То же можно прочитать у К.Маркса. К.Маркс опирался при этом на исследования ученика Лапласа, бельгийского естествоиспытателя А. Кетле. Последний писал: «Действия всех случайных причин должны парализоваться и взаимно уничтожить друг друга, так что преобладающими останутся только истинные причины»2. От случайных, единичных фактов исследователь переходит в сферу действия необходимых, устойчивых тенденций. Для решения этой задачи нужны статистически усредненные, обобщенные показатели. На место конкретного человека становится, по выражению А.Кетле, некоторое «фиктивное существо», действующее сообразно средним выводам. «Прежде всего мы должны оставить в стороне человека, взятого в отдельности, и рассматривать его только как часть рода человеческого. Отвлекаясь от его индивидуальности, мы исключим все случайное...»3 Сравнению подлежат средние величины, где возмущающие функции случая нейтрализуются большой массой наблюдаемых событий. «Средний человек в обществе, — писал А.Кетле, — то же, что центр тяжести в физических телах; имея в виду эту центральную точку, мы приходим к пониманию всех явлений равновесия и движения»4. Исследования А.Кетле получили, по словам В.А.Маркова5, высокую оценку К.Маркса. Доказано, отмечал К.Маркс, что «даже кажущиеся случайности общественной жизни вследствие их периодической возобновляемости и периодических средних цифр обладают внутренней необходимостью»6.
Или такое высказывание К.Маркса: История «выступает как необходимое развитие. Однако правомерен и случай»7.
В общем пафос Маркса и Энгельса понятен: нельзя представлять исторический процесс как арену действия одних только случайностей. Однако в приведенных высказываниях мы видим перекос в другую сторону: абсолютизация закономерности, необходимости и третирование случайности как кажущейся.

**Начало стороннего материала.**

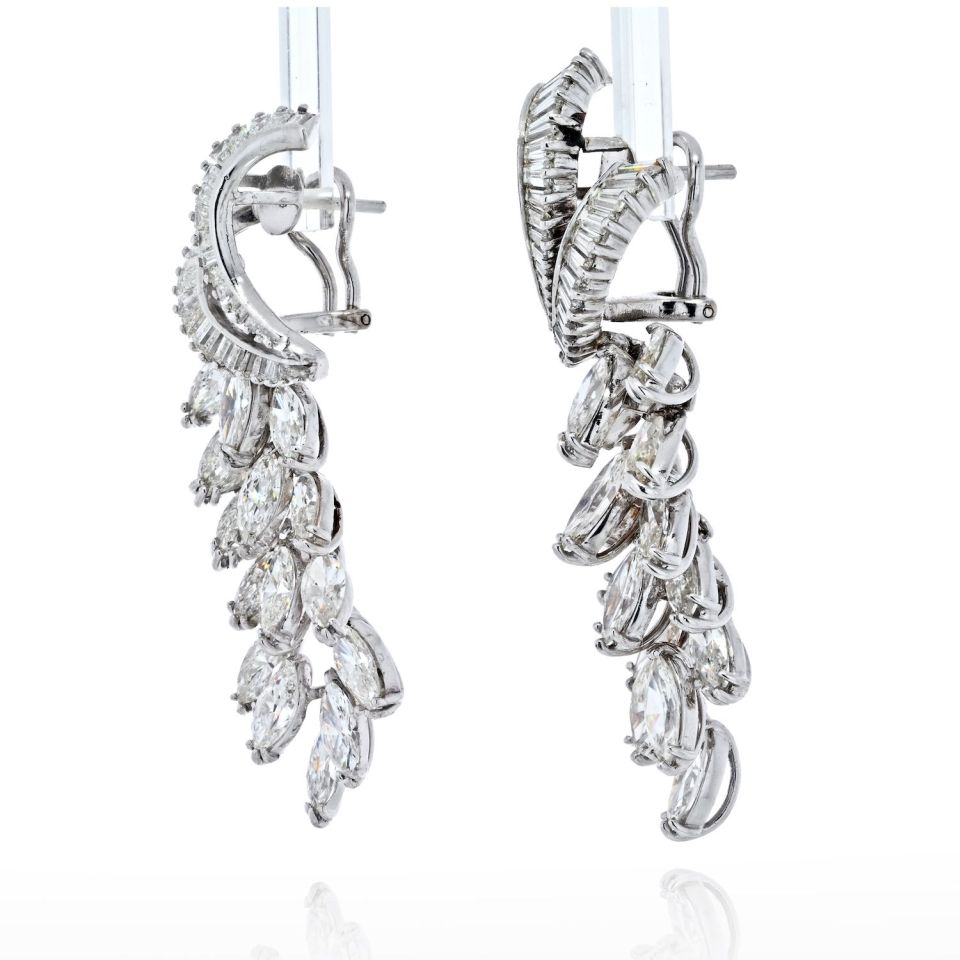 Platinum 21 Carat Diamond Spray Marquise Cut Earrings - The Back Vault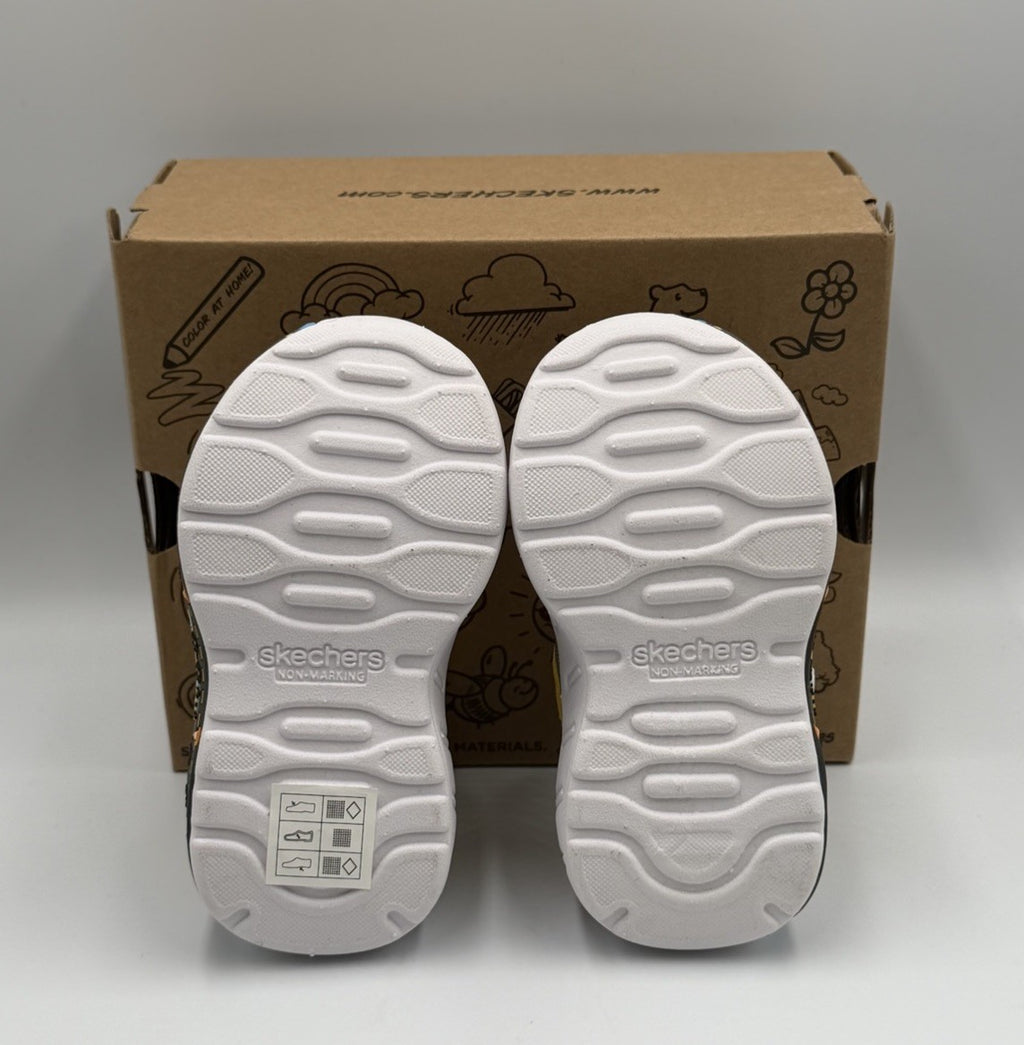 NEW Sketchers Vroom Sneakers Toddler Boys Size 5 Gray Yellow Construction Trucks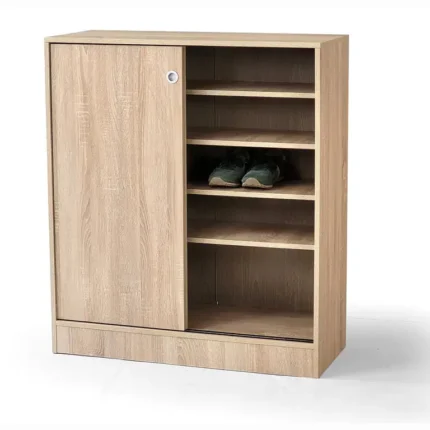 zapatero puertas correderas Cambrian con 5 estantes interiores vista frontal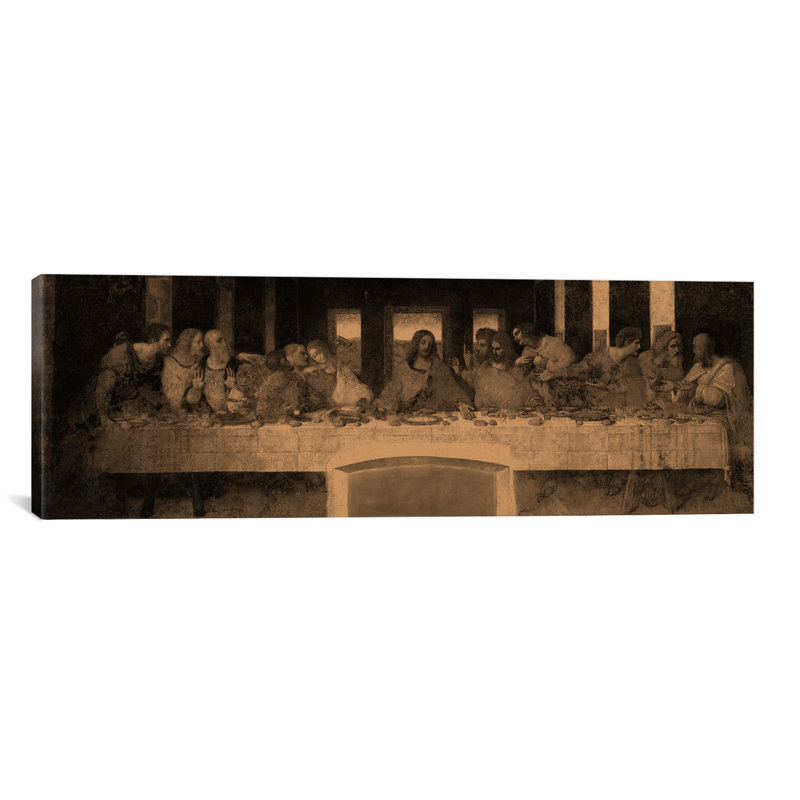 « the last supper iv » par leonardo da vinci, reproduction d’art sur toile tendue, H 16 po x l 48 po x P 0,75 po
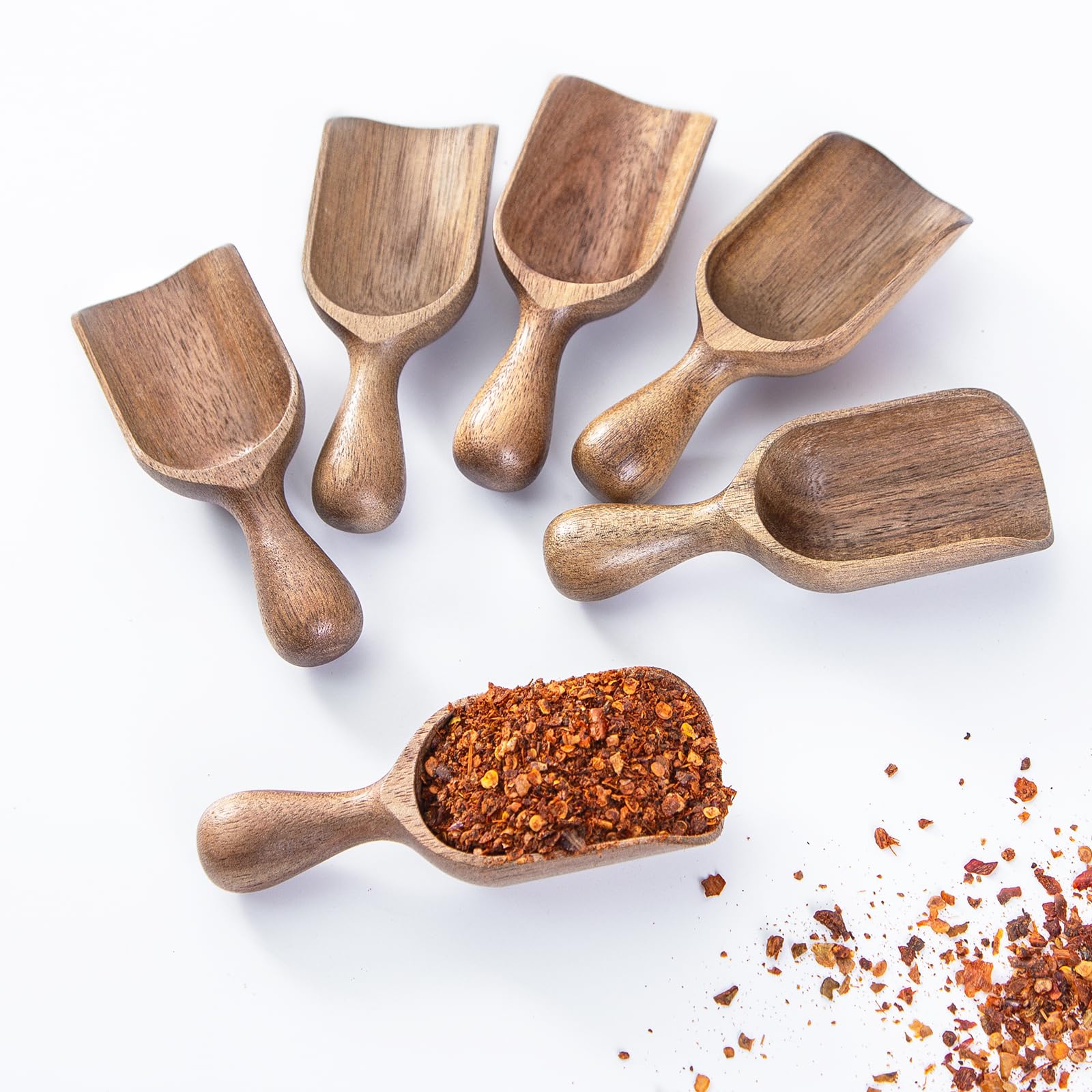 CHEF OLÉ, juego de 6 cucharas de madera para botes, ayuda a medir y organizar.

В отдельных случаях Энгельс допускает даже отождествление случайности с беспричинностью, перечеркивая этим объективный смысл категории случайности. Так, в "Диалектике природы" приведя известный пример с различным числом горошин в стручке, он пишет: "До тех пор, пока мы не можем показать, от чего зависит число горошин в стручке, оно остается случайным"1.